**WHAT YOU NEED TO DO**
Within the entries below, output exactly the lines between the line containing "Zipper Pull Craft" and the line containing "14K Yellow Gold 0.7mm Cable Bracelet", inclusive, and omit any picture.

**SOURCE RECORDS**
* * *

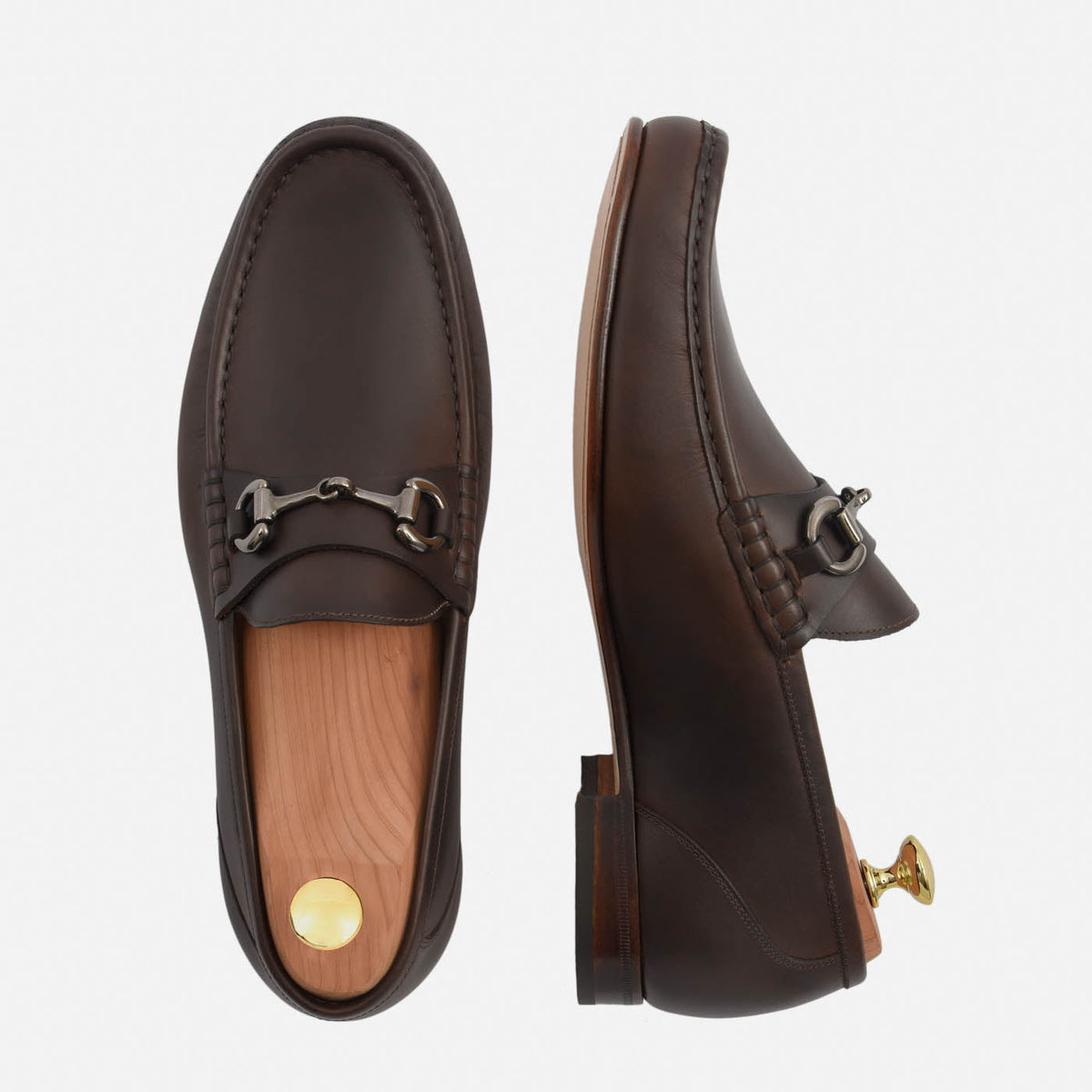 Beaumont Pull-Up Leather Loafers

* * *

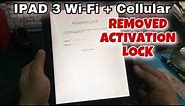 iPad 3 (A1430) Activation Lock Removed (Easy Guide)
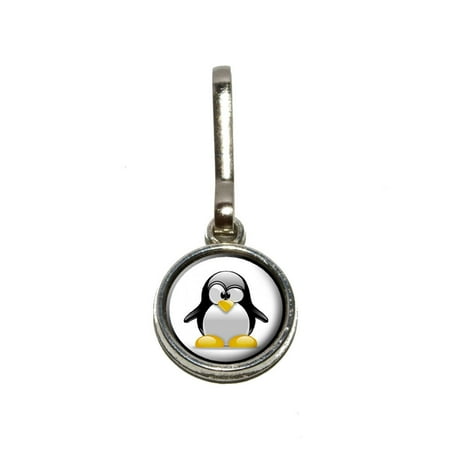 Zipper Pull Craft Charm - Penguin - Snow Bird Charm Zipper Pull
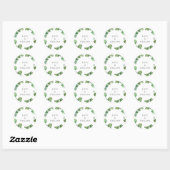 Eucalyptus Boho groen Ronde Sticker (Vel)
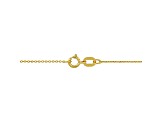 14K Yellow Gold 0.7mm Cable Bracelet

* * *

**FINISHED EXERCISE**
 Zipper Pull Craft Charm - Penguin - Snow Bird Charm Zipper Pull
 Eucalyptus Boho groen Ronde Sticker (Vel)
 14K Yellow Gold 0.7mm Cable Bracelet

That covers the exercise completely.